Tuesday, February 15, 2005

Common Knowledge

According to The Writer's Almanac:

It's the birthday of Italian astronomer Galileo (Galilei), born in Pisa (1564). He devised a simple open-air thermometer (1607), but his greatest breakthrough was to build an improved refracting telescope (1609), with which he clearly confirmed the view of Copernicus, who insisted Aristotle was wrong, the Earth was not the center of things; the Sun was. Galileo's books were banned; he was summoned to Rome, to be tried for heresy. In 1633 he was convicted, sentenced to house arrest for life, and his books were ordered burned. He was forced either to renounce all his Copernican beliefs or be tortured on the rack. While signing his declaration that the earth was stationary, he muttered, "And yet... it moves." Confined to his home, he continued to study physics and astronomy, until, in his seventies, he grew completely blind.

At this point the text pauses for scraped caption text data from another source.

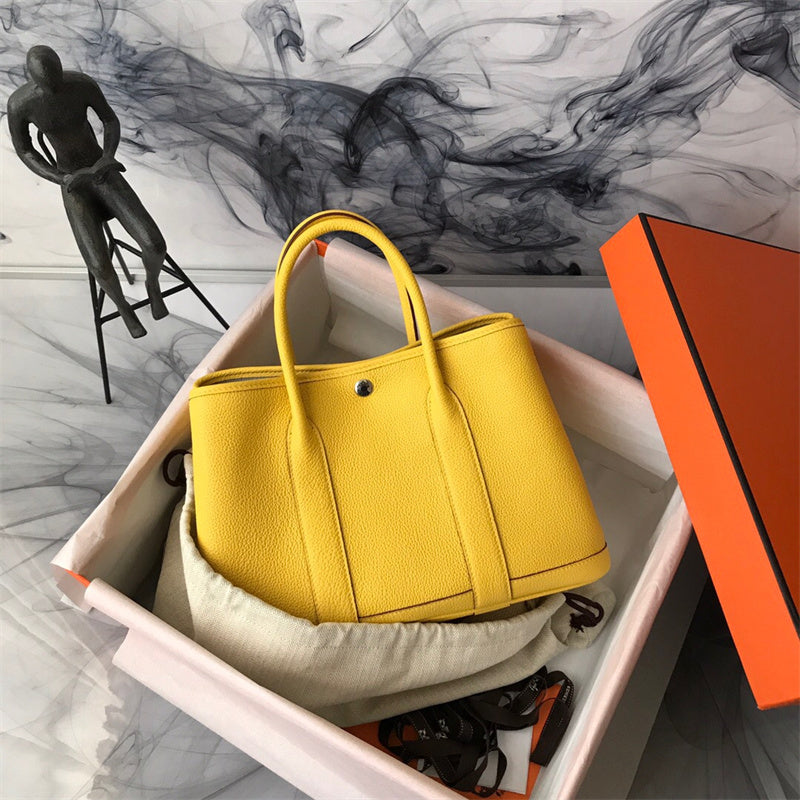 Chic bag shown from front angle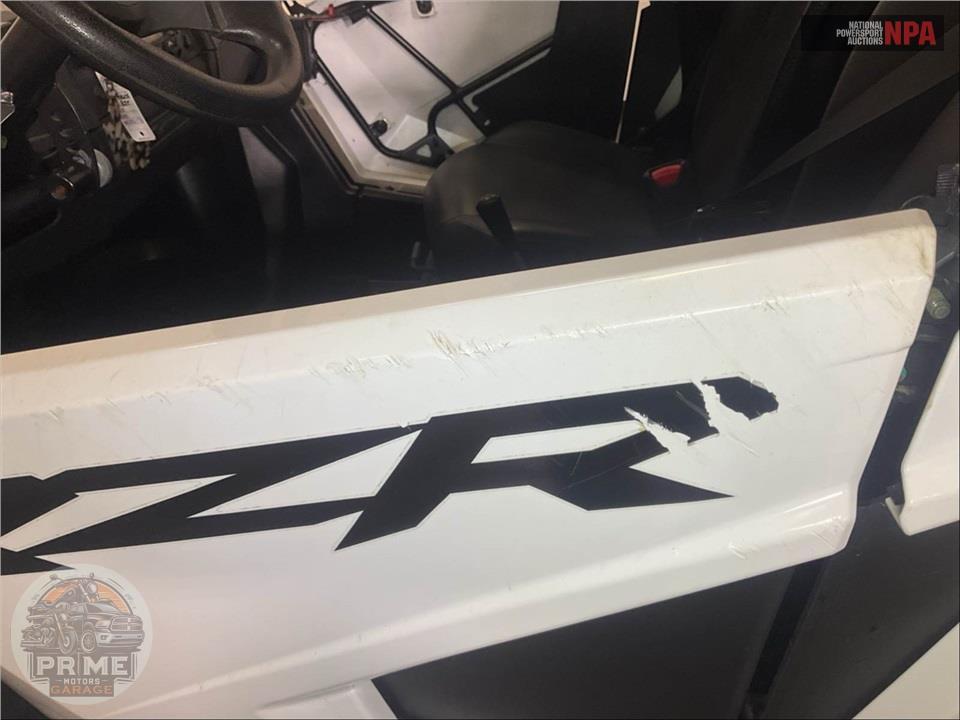 2023 Polaris RZR 200 EFI — фото 18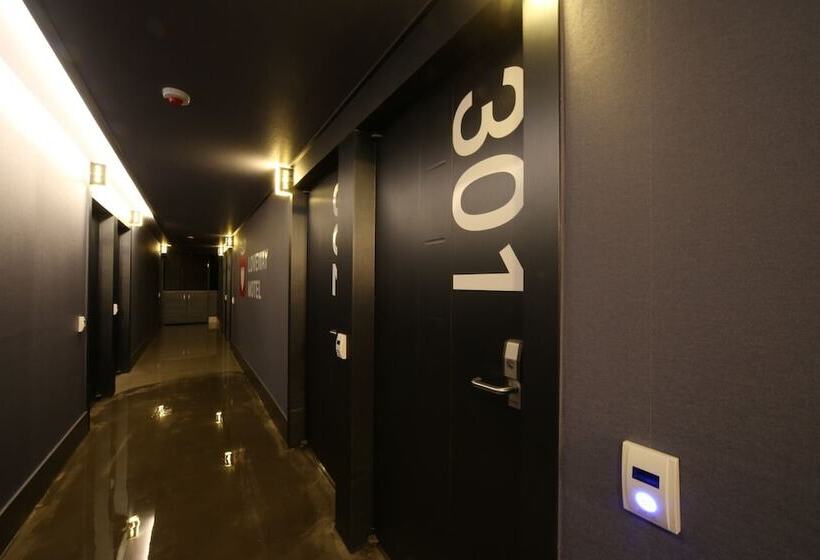 모텔 Gyeongsan Love Way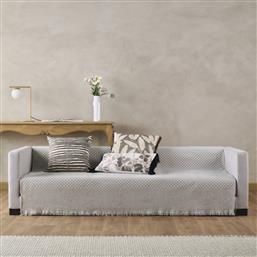 ΡΙΧΤΑΡΙ ΤΕΤΡΑΘΕΣΙΟΥ ΚΑΝΑΠΕ (180X340) STYLISH ARBITO 22 GREY KENTIA από το SPITISHOP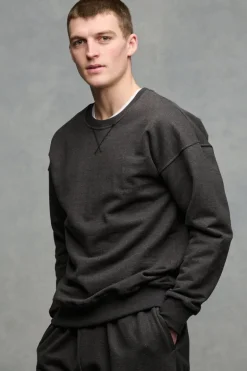 Heritage Sweatshirt - Charcoal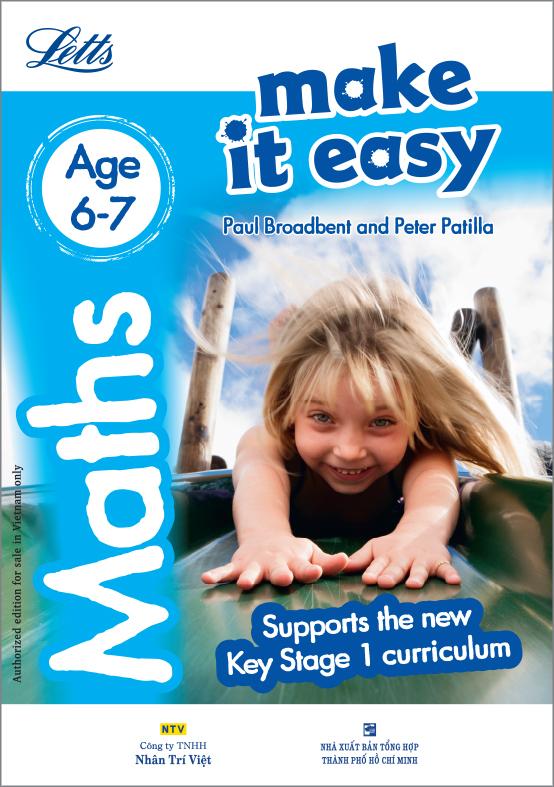 Letts make it easy – maths age 6-7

Galileo is a hero of mine, because he saw no contradiction between scientific advance and faith in God, and because he is one of the fathers of empirical physics. Of equal importance to us as writers is the way he published his arguments in favor of the Copernican view of the solar system, which were radical for his time in two ways: First, they were written in Italian, not Latin, which made them accessible to many more people (not just scholars). Second, they were written as dialogues, in which the competing worldview was presented respectfully (though clearly discredited). I wish there were more people today willing to package their learnings this carefully for consumption.